AMD Vega 10, Vega 11, Vega 12 and Vega 20 Rumors and Discussion

Discussion in 'Architecture and Products' started by ToTTenTranz, Sep 20, 2016.

  1. Rootax

    Veteran Newcomer

    Joined:
    Jan 2, 2006
    Messages:
    1,169
    Likes Received:
    576
    Location:
    France
    Yeah I hope wattman will be present in the new drivers. If so, I'll be very happy. It will basically be a 16gb Vega RX64. Already some game are eating more than 8gb, even at 1440p, so, eh, that's nice :eek:
     
    CarstenS likes this.
  2. 3dilettante

    Legend Alpha

    Joined:
    Sep 15, 2003
    Messages:
    8,122
    Likes Received:
    2,873
    Location:
    Well within 3d
    Some of Pascal's architectural features like the 49-bit address space and an automatic facility for page migration seem to be leading features where Vega is playing catch-up.
    Volta's memory management includes among other things access counters to better determine optimal migration patterns.
    This seems like a ripe area for watering the features down for a consumer product in the future.
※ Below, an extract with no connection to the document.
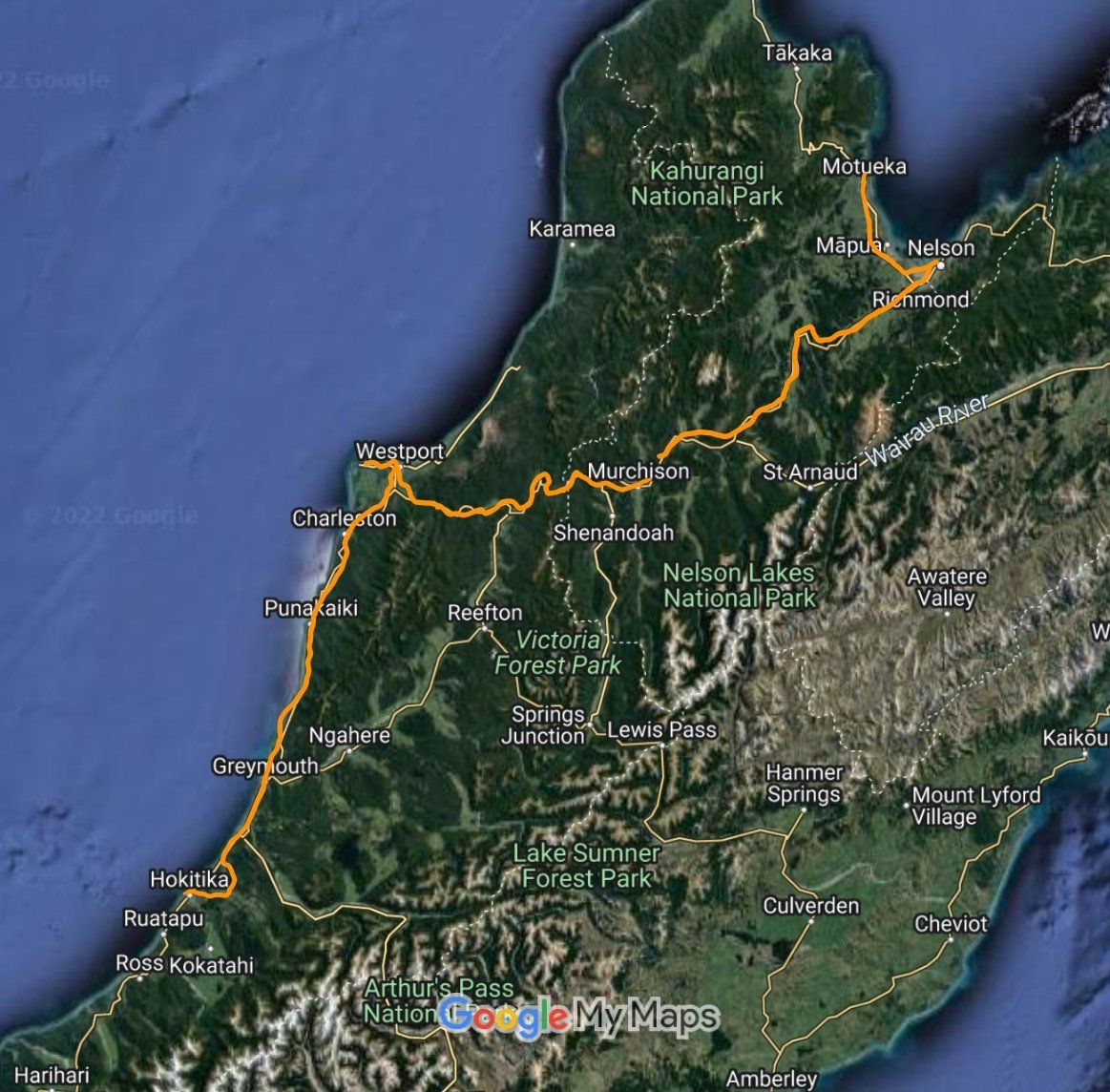 Image of a map leading from Abel Tasman Park to Westport to Hokitika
The actual address space and fault-handling are base-level system infrastructure, which HBCC also relies on regardless of API.
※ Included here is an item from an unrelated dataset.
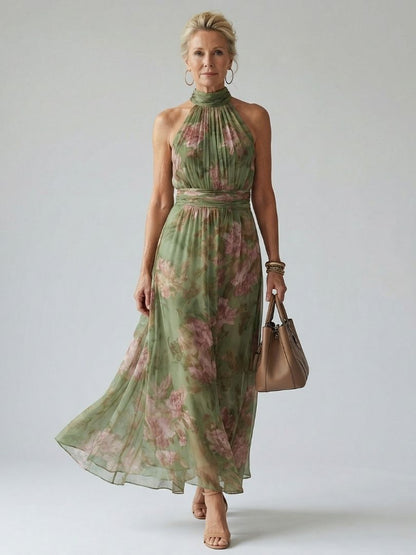 Sadie™ | Women's Gathered Halter Midi Dress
    AMD's HBCC adopts 4-level page tables like x86 (may lag Intel's 5-level extensions in future), although the direct access of x86 page tables via the Address Translation Cache was noted as being inactive when EPYC launched.
    Volta's Address Translation Services offer something similar, but only for Power. Perhaps that is a specific platform limit that could give AMD an advantage, or a matter for a future change/implementation. Or perhaps something a hypothetical future console could take in.
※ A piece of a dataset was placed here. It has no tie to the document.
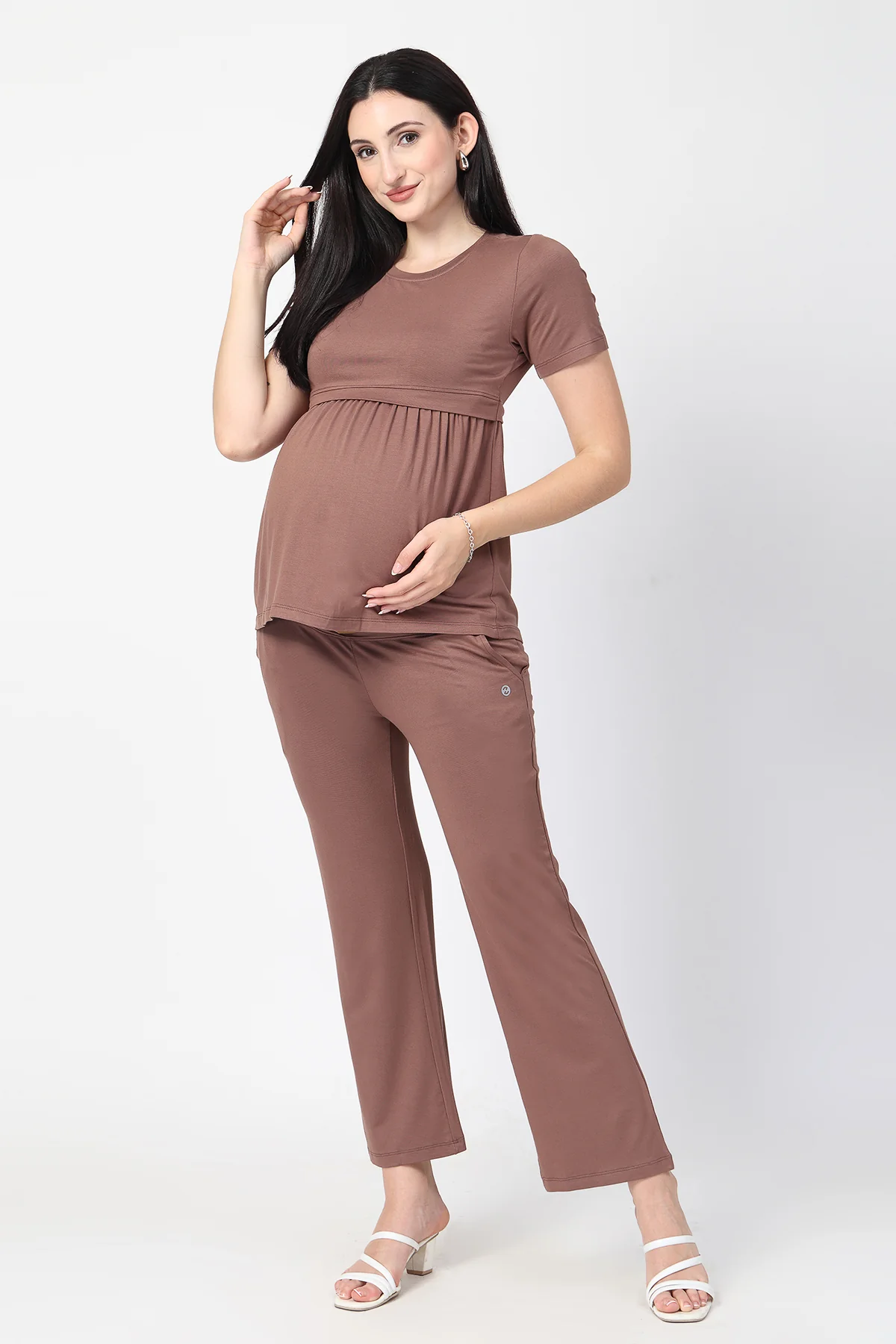 Mocha Maternity Zipless Feeding Gathered Top - Image 4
    It would be interesting to see the two platforms benchmarked head to head. I've seen some intimation that HBCC for all its features currently doesn't have the raw handling throughput. Even if Nvidia's methods are not quite as diverse in their options, games do not appear to really need all that HBCC offers, and it's possible for the sake of broad compatibility that even partially software-based methods may be good enough for client use.
     
    pharma likes this.
  3. silent_guy

    Veteran Subscriber

    Joined:
    Mar 7, 2006
    Messages:
    3,754
    Likes Received:
    1,379
    Looking at the difference between Pascal/Volta and Vega, is the following statement correct?

    Pascal/Volta need OS support for each page swap into the GPU and Vega does not.
     
  4. 3dilettante

    Legend Alpha

    Joined:
    Sep 15, 2003
    Messages:
    8,122
    Likes Received:
    2,873
    Location:
    Well within 3d
    Nvidia's migration engine has controllers dedicated to managing migrations, and at least for Power a translation method that allows access to CPU page tables. That may depend on the interfacing hardware in Power's NVlink/CAPI blocks, and possibly some OS support is needed.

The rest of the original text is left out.